Could you return, exactly as written, every line from the one containing "La Dolce Vita, Maison Familiale *" through the last line of the entries below, leaving out the pictures?

Captioned web image data
-- Opening Marker --

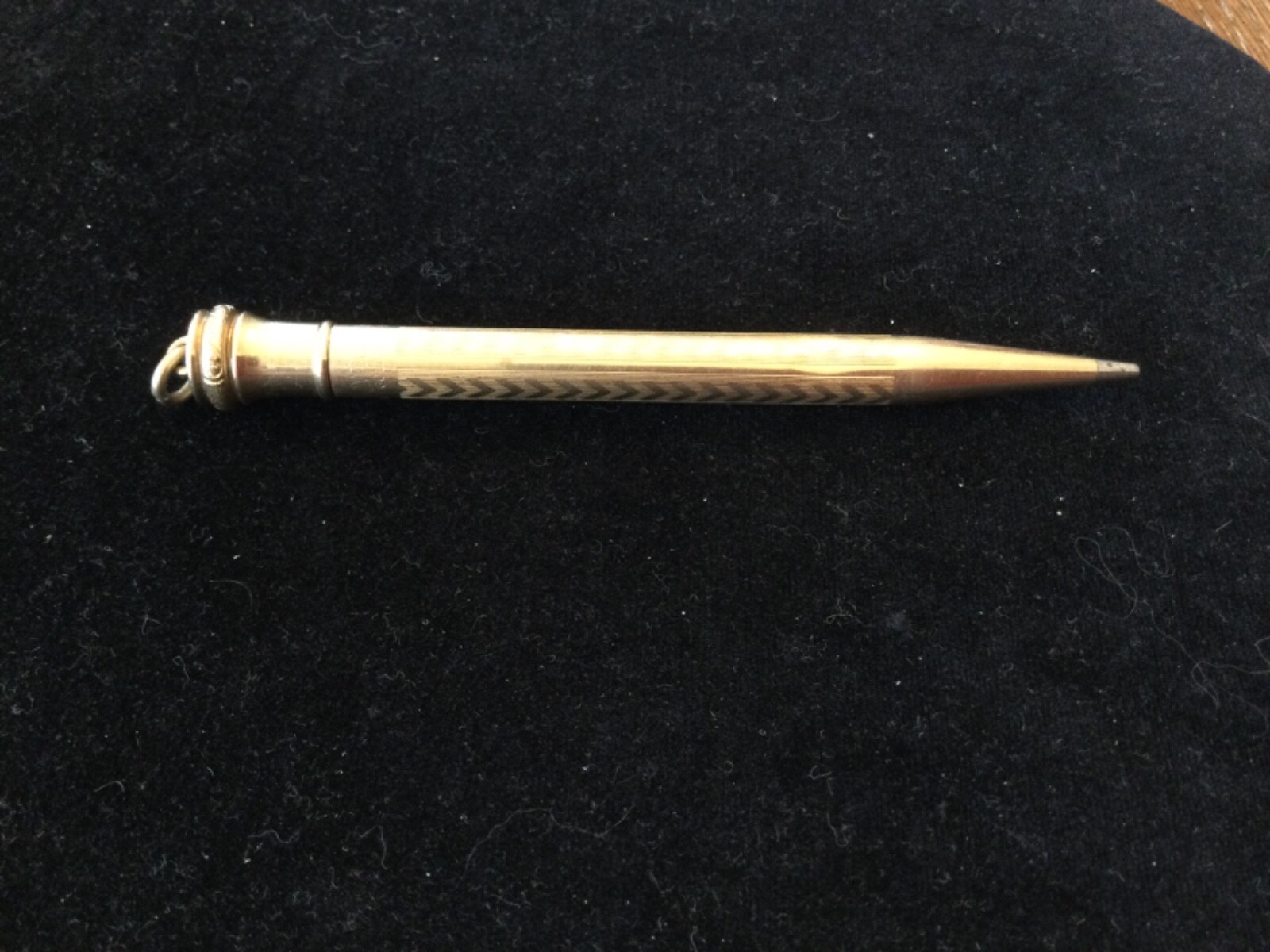 Wahl Eversharp Gold Filled Chevron Pattern Ringtop 1.1mm Pencil – 1920’s – USA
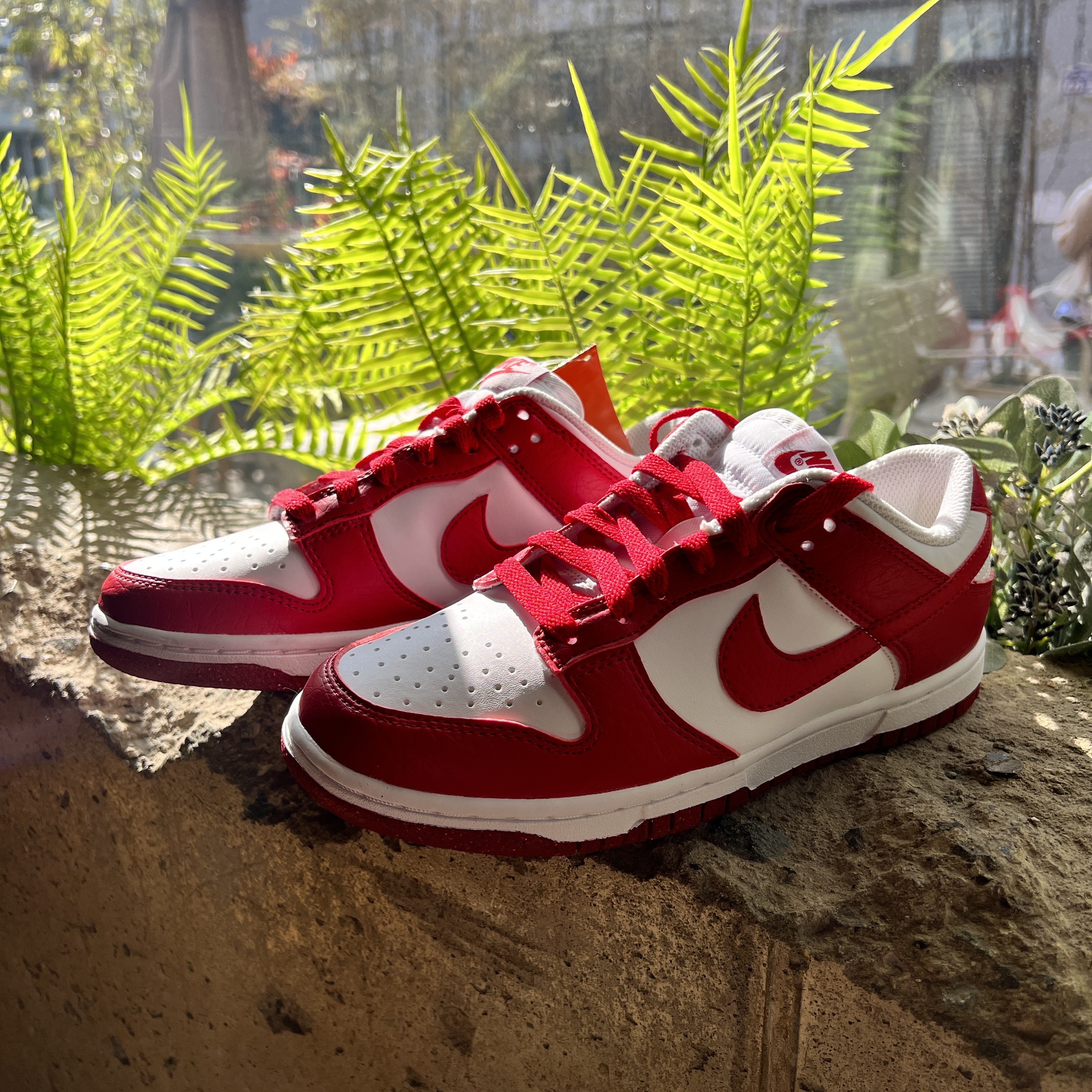(W) Nike Dunk Low Next Nature Gym Red 착용 스타일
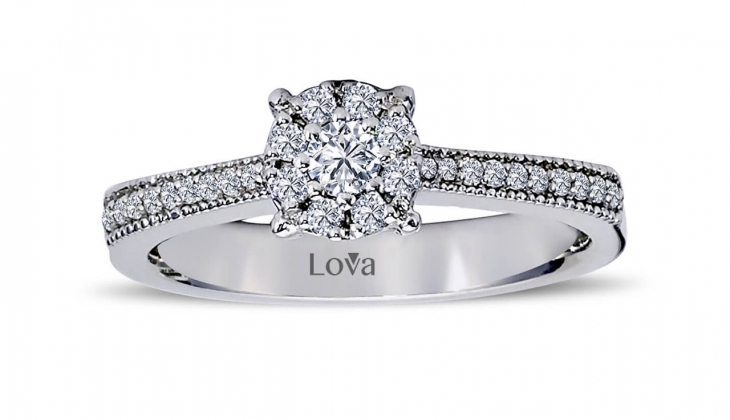 Tektaş Lova pırlanta yüzüklerde yüzde 50 indirim! İşte Lova pırlanta tektaş yüzük 25 Eylül 2022 fiyat listesi…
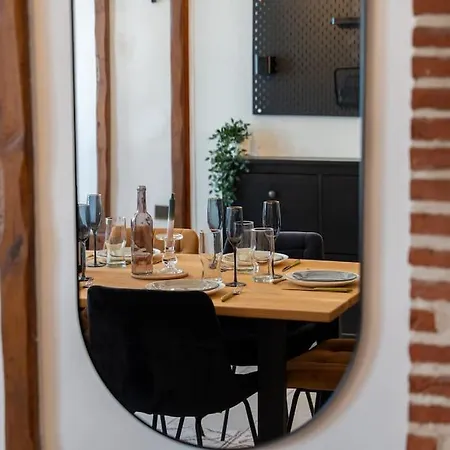 La Dolce Vita, Maison Familiale *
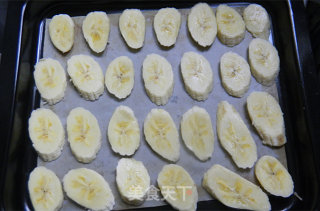 自制健康零食——烤香蕉片的做法步骤：2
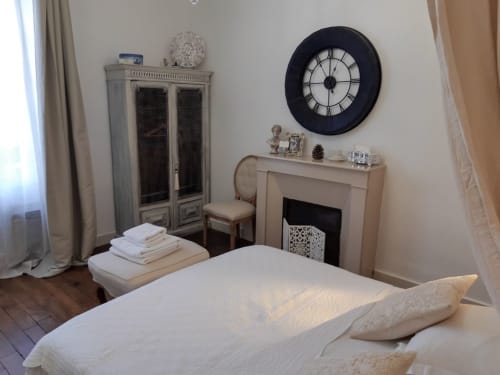 Vue générale de la chambre depuis l’entrée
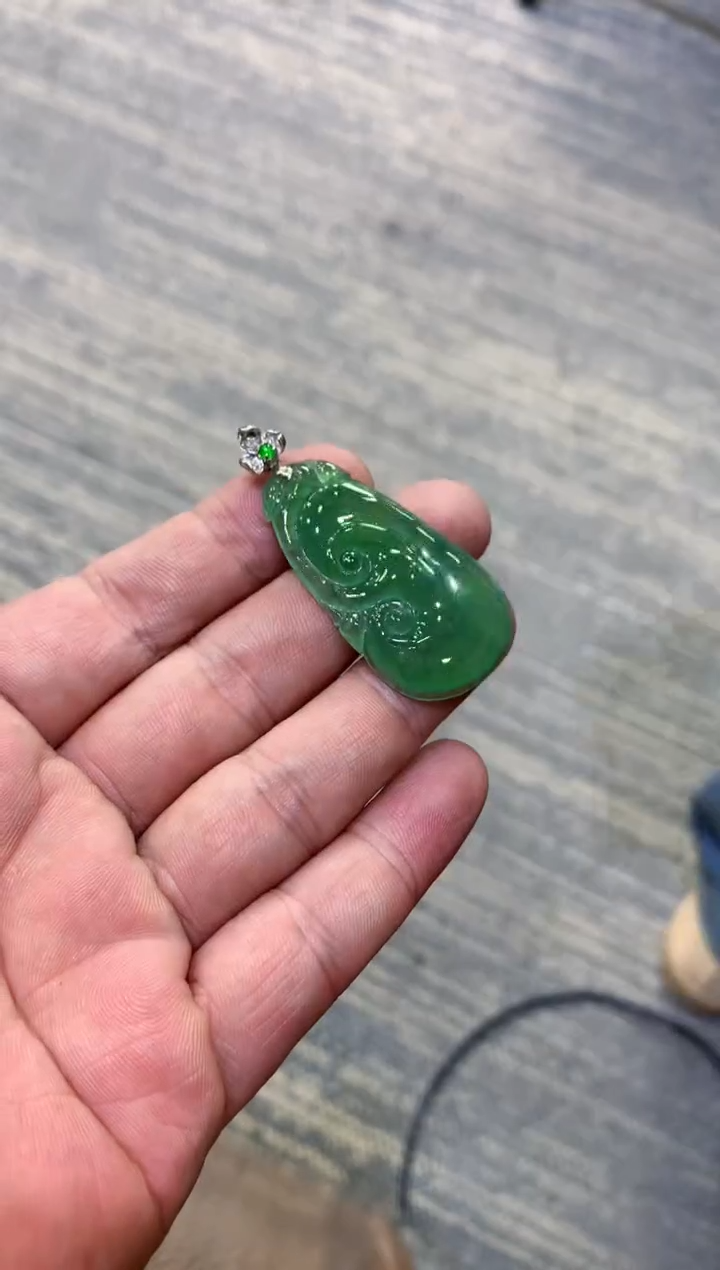 颈饰未镶嵌翡翠天然A货翡翠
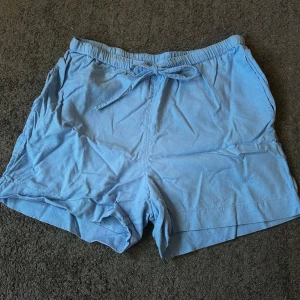 blå linneshorts från BikBok - Lätta och sköna ljusblå linneshorts från BikBok. De har elastisk midja med snörning och avslappnad passform. Perfekta för varma dagar när du vill ha något bekvämt och enkelt. Använda en gång.🌸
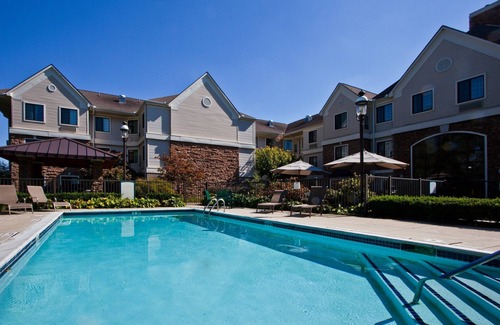 Utica Condo | Equipped Suite | Free Daily Breakfast, 24h Business Center + Seasonal Pool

-- Closing Marker --

=== Result ===
 La Dolce Vita, Maison Familiale *
 自制健康零食——烤香蕉片的做法步骤：2
 Vue générale de la chambre depuis l’entrée
 颈饰未镶嵌翡翠天然A货翡翠
 blå linneshorts från BikBok - Lätta och sköna ljusblå linneshorts från BikBok. De har elastisk midja med snörning och avslappnad passform. Perfekta för varma dagar när du vill ha något bekvämt och enkelt. Använda en gång.🌸
 Utica Condo | Equipped Suite | Free Daily Breakfast, 24h Business Center + Seasonal Pool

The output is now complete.